Although this collection begins with an examination of Appalachian culture gone mainstream, with ruminations on her experience in the small mountain town of Grundy, Virginia, these essays cover as well, Smith explains, “other places that have meant a lot to me”—places such as Hollins College, Chapel Hill, North Carolina, Hillsborough, North Carolina, and Castine, Maine. And the essays also cover imaginative territory: the world of stories and books.

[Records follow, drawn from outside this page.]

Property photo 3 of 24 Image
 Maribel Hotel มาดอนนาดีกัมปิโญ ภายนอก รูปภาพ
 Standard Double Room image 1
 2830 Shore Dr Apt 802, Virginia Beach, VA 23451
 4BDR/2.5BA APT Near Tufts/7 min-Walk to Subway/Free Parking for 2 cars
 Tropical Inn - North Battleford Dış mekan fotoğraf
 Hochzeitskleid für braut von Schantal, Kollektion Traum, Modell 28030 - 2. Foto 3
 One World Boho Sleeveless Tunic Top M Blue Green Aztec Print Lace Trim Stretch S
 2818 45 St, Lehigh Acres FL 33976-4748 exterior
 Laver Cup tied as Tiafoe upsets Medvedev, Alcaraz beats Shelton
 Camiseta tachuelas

Smith explains that as an only child of older parents, she was more “watchful and mature.” That watchfulness planted the seeds for her vocation: “That whole experience,” she says,” made me sensitive to other people’s emotions and moods. It also gave me great swaths of time to read.” The love of reading is prominent in these essays: childhood discoveries and college lifelines (Welty, James Still) pointing a direction for Smith’s own fictional material and narrative voice. “When I first came across James Still’s River of Earth, I read it straight through and then immediately started reading again,” Smith says. “I had never seen that voice or diction in a literary novel.” Smith continues, “Writing teachers tell students to write what they know but a young writer doesn’t always know what he or she knows. A good writing teacher tries to match authors with the talented young writer.”

Smith enjoyed strong teachers in her Hollins career—Louis Rubin, Richard Dillard—but the authors she read (Nabokov, Borges, Henry James) didn’t help her find her narrative voice. “Even when we read Faulkner,” Smith says, “his grand themes of the tragedy of race and of guilt fascinated me, but they might as well have been set in France or some other country.” Smith continues, “James Still’s mountain voice and Eudora Welty’s stories set in small Southern towns helped me realize I could write from home, from where I was from.”

Nonetheless, the essays of Dimestore establish the tension between staying home and making a home, being raised to leave and finding a place to settle. “A writer is always in exile from home,” Smith says. “The minute you write about your family or town, you’re set outside the family and the town. You have to be an outsider to really see it, to create that necessary aesthetic distance.”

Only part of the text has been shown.